The debate was brief--as Senate debates go--but bitter. When it opened Democratic Leader Robinson thought he could count on enough votes to sustain the veto and two or three to spare. Nevada's Senator Pat McCarran, good friend of the veterans, was off in Bangor, Me., making a speech. The Democrats who spoke--Robinson of Arkansas, Bailey of North Carolina, Tydings of Maryland --supported the President's veto. The pro-veterans speeches came mostly from Republicans. Bitterest of all was Indiana's hard-eyed Arthur R. Robinson who cried out against Franklin Roosevelt: "Coming from the palatial Astor yacht last spring, he robbed the veterans with his infamous Economy Act. And now, with his veto safely behind him, the President returns to the palatial Astor yacht, happily confident that he has again kept the veterans from their just dues! Beware, beware, how far you go in making the veteran the despised man!"
These words struck fire from Mississippi's Harrison: "As bad as have been the Senator's speeches hitherto in arousing prejudice and dethroning reason, this is the worst he has done."
It was 7 p. m. before the Senate was ready to vote and as the hours wore on the Legionaries in the gallery and the lobbyists in the cloak rooms overawed the Senators who wavered. Norbeck of South Dakota, so ill that he had not been on the floor in weeks, appeared with a bandage around his throat, and McCarra,. travel-stained after an airplane ride back to the Capitol, turned up to vote.
Seven of the 32 Senators up for re-election had the courage to support the veto--Byrd, Connally, King, O'Mahoney, Stephens, Thompson, Trammell. But that was not enough and the veto was overridden, 63-to-27--three votes to spare.
It was a complete victory for the lobbyists. They had won a majority of the Democrats in both House and Senate. They had won every Republican vote in the Senate and all but two in the House. Crowed Legion Lobbyist Taylor:
"This was the most tremendous victory for right that I ever witnessed. I never felt that the Legion was so strong."
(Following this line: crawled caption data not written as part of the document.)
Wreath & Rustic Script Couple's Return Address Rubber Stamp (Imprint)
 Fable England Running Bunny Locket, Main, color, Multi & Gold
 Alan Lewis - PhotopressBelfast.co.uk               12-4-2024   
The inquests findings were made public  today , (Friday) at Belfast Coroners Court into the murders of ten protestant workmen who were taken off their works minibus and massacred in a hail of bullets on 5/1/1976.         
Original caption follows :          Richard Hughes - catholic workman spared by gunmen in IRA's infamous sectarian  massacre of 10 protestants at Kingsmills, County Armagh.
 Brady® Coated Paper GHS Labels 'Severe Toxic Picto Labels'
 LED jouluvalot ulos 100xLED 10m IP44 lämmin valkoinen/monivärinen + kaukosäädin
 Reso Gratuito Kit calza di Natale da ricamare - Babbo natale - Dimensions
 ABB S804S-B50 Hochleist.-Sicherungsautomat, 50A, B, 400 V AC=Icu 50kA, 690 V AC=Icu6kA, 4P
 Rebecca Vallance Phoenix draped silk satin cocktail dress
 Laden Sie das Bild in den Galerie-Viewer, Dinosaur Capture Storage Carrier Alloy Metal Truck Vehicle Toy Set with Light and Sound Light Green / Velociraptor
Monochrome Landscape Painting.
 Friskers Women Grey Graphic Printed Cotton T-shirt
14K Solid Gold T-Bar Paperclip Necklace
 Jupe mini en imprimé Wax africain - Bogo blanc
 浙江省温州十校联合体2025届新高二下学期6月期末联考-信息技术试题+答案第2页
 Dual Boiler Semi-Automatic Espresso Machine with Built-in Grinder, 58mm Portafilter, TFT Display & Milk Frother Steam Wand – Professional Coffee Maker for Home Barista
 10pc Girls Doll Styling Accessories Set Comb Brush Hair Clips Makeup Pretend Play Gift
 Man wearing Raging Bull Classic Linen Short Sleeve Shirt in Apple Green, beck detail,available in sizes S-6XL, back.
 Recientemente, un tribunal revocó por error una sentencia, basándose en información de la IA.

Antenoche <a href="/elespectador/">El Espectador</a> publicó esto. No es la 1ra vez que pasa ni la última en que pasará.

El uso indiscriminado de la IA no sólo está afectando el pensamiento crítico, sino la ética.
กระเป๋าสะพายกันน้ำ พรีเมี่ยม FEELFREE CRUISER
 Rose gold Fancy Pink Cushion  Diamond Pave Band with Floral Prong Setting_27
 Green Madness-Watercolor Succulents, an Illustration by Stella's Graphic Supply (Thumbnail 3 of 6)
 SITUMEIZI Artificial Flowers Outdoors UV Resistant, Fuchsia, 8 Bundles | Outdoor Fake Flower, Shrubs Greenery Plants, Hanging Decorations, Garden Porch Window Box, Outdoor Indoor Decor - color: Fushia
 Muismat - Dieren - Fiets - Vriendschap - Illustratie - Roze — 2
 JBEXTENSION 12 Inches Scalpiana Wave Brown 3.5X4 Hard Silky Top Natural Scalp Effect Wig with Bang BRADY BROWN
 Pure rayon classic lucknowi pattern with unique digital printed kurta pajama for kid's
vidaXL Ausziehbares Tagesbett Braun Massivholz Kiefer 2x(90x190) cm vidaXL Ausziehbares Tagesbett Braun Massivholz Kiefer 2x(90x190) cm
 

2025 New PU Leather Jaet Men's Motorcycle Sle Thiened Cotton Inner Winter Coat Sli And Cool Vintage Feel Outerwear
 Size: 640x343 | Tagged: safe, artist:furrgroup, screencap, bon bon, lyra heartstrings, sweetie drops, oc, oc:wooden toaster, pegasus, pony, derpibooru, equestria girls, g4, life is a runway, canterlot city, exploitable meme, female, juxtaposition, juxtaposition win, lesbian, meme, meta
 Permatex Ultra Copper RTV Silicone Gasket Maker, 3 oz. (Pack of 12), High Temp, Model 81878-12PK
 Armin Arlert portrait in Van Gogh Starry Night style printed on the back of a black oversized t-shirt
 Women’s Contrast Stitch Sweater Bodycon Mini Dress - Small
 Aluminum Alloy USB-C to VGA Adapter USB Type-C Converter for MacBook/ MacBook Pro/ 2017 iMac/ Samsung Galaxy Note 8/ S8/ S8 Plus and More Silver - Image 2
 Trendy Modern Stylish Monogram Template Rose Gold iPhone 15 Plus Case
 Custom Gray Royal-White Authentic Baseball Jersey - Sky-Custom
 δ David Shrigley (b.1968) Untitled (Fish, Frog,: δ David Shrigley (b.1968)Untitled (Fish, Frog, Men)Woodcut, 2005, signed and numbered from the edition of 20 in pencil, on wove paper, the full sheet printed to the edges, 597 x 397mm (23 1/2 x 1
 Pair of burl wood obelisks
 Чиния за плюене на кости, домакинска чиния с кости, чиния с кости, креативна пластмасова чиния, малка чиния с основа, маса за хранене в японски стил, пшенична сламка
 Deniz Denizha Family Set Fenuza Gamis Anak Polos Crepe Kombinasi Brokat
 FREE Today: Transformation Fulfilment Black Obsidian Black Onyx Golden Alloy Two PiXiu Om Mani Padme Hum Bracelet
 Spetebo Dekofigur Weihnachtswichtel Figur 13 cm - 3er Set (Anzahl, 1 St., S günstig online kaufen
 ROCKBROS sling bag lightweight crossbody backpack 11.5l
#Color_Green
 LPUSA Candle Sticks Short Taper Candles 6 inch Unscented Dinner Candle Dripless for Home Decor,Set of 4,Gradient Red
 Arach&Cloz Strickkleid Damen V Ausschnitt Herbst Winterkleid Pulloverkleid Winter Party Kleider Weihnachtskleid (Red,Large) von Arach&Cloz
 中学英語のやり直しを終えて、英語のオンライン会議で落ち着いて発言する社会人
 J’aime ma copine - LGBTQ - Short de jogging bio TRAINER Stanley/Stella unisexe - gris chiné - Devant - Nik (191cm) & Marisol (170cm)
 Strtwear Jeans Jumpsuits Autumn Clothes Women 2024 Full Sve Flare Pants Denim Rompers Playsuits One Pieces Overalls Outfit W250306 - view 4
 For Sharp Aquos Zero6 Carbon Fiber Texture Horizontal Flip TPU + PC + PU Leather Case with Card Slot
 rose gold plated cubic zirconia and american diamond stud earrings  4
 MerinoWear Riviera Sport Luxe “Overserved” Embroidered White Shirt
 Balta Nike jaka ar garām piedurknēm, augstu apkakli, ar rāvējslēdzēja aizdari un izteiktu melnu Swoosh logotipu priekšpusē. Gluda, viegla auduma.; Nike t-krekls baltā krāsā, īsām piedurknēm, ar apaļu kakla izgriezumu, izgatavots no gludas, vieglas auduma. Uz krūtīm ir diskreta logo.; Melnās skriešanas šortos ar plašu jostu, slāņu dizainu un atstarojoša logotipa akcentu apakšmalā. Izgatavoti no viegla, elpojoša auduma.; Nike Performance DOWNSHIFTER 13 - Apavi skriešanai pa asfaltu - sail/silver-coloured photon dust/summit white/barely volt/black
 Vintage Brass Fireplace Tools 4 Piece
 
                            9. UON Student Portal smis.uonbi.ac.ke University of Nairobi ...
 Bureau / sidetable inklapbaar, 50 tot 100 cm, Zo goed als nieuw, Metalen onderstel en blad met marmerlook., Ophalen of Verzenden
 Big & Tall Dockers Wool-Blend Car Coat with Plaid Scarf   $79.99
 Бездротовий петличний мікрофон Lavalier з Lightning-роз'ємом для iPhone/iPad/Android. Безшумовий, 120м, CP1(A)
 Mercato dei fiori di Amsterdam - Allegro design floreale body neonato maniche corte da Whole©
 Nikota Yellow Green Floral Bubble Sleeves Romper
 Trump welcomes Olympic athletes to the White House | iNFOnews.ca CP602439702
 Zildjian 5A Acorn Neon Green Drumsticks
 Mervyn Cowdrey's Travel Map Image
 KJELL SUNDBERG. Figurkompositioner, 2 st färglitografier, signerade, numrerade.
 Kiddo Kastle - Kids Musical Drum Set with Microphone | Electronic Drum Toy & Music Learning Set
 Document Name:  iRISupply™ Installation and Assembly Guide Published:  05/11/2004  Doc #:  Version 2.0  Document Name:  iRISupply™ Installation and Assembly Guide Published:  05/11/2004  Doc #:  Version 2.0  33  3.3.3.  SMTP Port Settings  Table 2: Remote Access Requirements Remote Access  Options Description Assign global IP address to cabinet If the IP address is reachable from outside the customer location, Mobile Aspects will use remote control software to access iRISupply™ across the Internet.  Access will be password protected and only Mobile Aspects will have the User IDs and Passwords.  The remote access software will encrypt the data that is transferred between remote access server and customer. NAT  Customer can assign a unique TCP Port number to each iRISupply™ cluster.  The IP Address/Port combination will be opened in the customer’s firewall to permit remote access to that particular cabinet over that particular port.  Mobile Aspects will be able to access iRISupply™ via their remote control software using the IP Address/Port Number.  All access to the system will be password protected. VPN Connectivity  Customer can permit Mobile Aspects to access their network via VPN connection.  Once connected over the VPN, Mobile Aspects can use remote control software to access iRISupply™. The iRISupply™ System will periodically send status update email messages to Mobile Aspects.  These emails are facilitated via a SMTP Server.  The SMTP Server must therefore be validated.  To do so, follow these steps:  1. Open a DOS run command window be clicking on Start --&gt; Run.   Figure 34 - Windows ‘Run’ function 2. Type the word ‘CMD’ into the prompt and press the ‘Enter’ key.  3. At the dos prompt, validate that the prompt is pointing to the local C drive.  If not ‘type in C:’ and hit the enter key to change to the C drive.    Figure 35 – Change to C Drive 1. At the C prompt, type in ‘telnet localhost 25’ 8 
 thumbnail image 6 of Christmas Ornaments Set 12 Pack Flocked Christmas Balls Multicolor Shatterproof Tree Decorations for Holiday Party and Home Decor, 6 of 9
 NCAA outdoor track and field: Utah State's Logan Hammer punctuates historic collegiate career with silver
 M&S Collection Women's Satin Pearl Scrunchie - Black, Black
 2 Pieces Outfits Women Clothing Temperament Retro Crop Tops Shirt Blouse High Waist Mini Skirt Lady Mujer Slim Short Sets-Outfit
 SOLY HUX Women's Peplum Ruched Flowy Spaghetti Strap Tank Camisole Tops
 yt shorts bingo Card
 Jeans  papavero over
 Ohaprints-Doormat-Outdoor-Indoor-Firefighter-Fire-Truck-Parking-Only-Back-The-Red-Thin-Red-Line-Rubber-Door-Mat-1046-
Enactment of the Independent Offices Appropriation bill added some $228,000,000--$125,000,000 for raising government salaries including those of the President who vetoed it and of the Congressmen who voted it; $103,000,000 for additional veterans' pensions. But that was of minor importance compared to the fact that Congress, tasting blood for the first time, had defeated President Roosevelt on a New Deal principle.